▶ **Data segment**

........

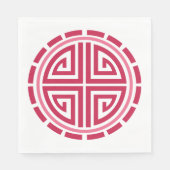 Art Deco Circle Servet (Voorkant)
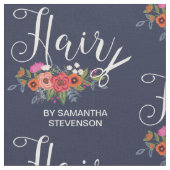 Boho Blume Haar von Stoff (Nahaufnahme)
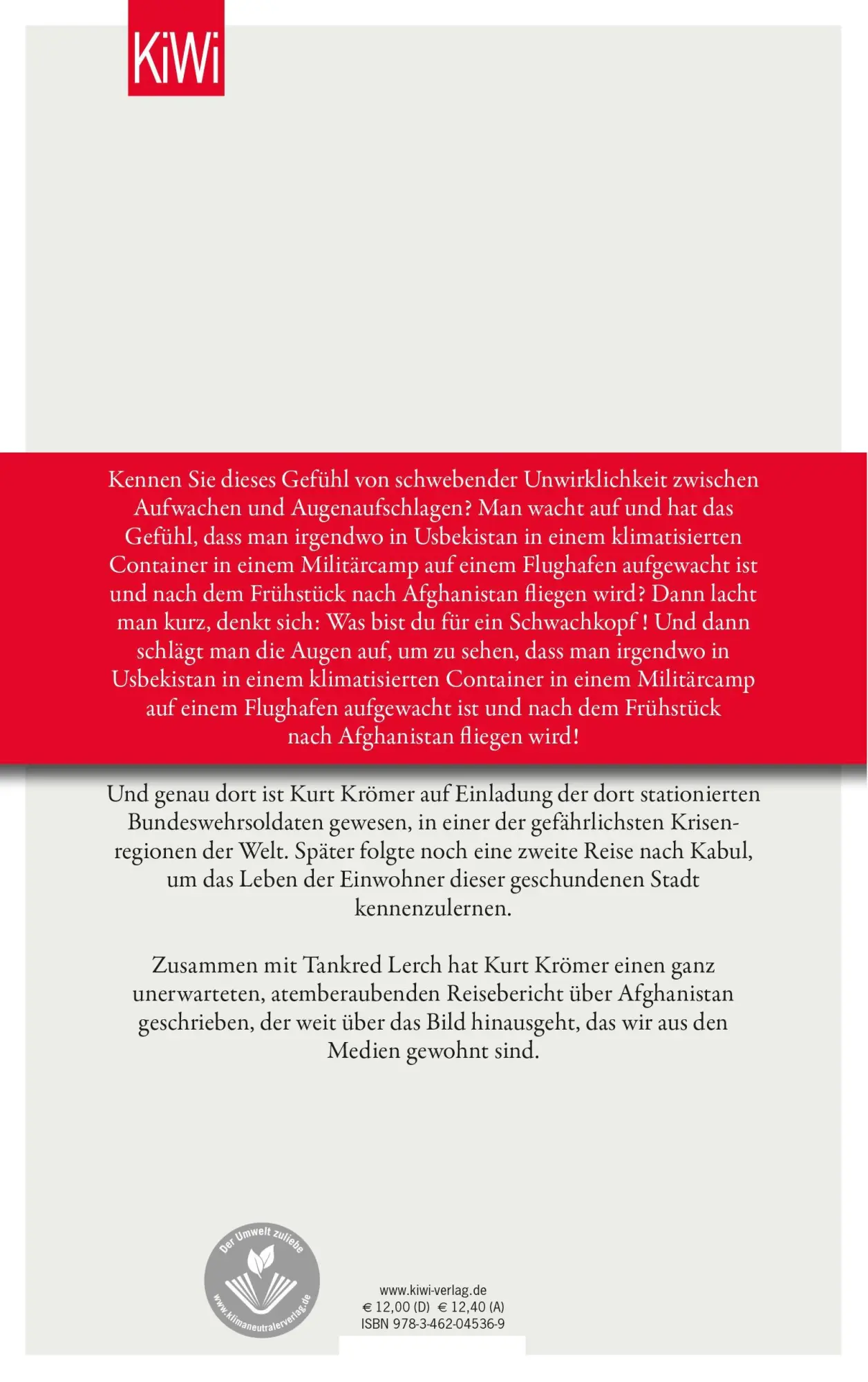 Rückseite: 9783462045369 | Ein Ausflug nach wohin eigentlich keiner will | Kurt Krömer (u. a.)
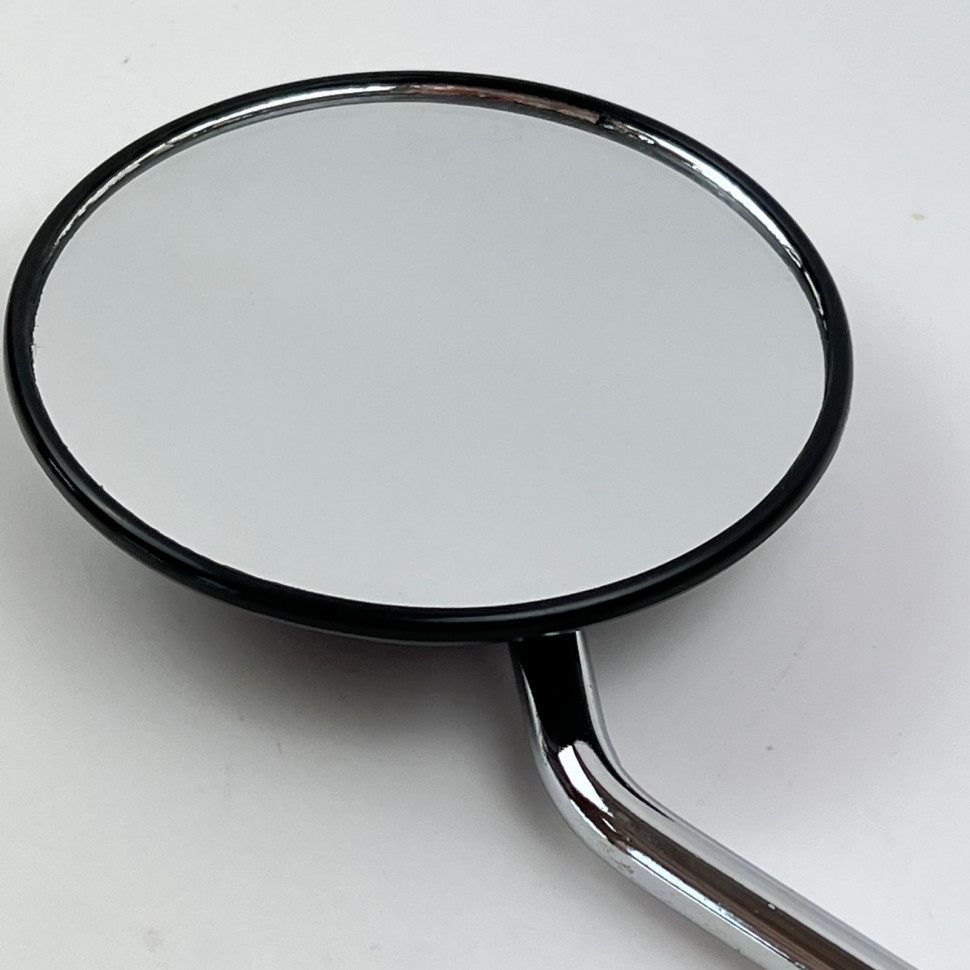 Зеркала №48 пластик черное круглое Альфа М10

........

▶ **Aim of the exercise**
Your answer should consist solely of the lines from the one holding "Rückseite: 9783462045369 |" through the end of the listing, reproduced exactly and without pictures.

▶ **Your response**
 Rückseite: 9783462045369 | Ein Ausflug nach wohin eigentlich keiner will | Kurt Krömer (u. a.)
 Зеркала №48 пластик черное круглое Альфа М10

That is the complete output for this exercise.